Third, the sukkah gives me a chance to strengthen the bonds of love and community, by slowing down, sharing food, and hanging out with people. Yes, we do that on Shabbat as well, but this is a nice long period where we are meant to do nothing else. Sukkot is sometimes called z’man simchateinu, the ‘season of our rejoicing’ – we give thanks for the bounty of Creation, for being to draw in the spiritual energy of our patriarchs and matriarchs into our homes, and for being able to chill with friends old and new.

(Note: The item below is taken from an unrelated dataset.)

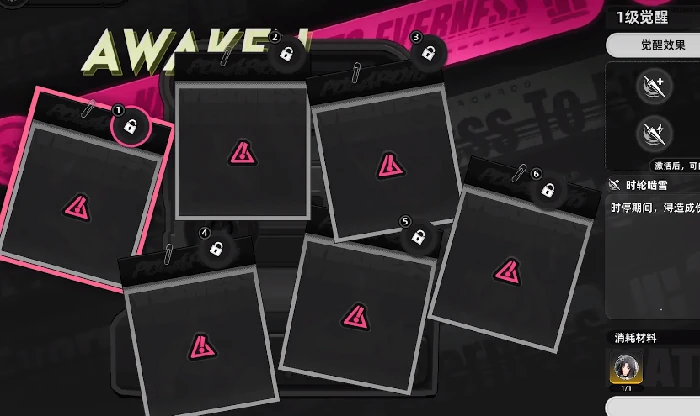 角色命座玩法介绍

Fourth, given the impermanence and openness of its structure, the sukkah reminds me of my own fragility. I am metaphorically open to the elements of what life might throw at me. Ultimately, I have no true refuge other than God, and the relationship that I forge with God. This is a useful reminder just after Yom Kippur, when we have done a huge spiritual cleansing and atoning, and might easily fall into the trap of thinking that we can sit back for a while and rest on what we imagine to be our achievements.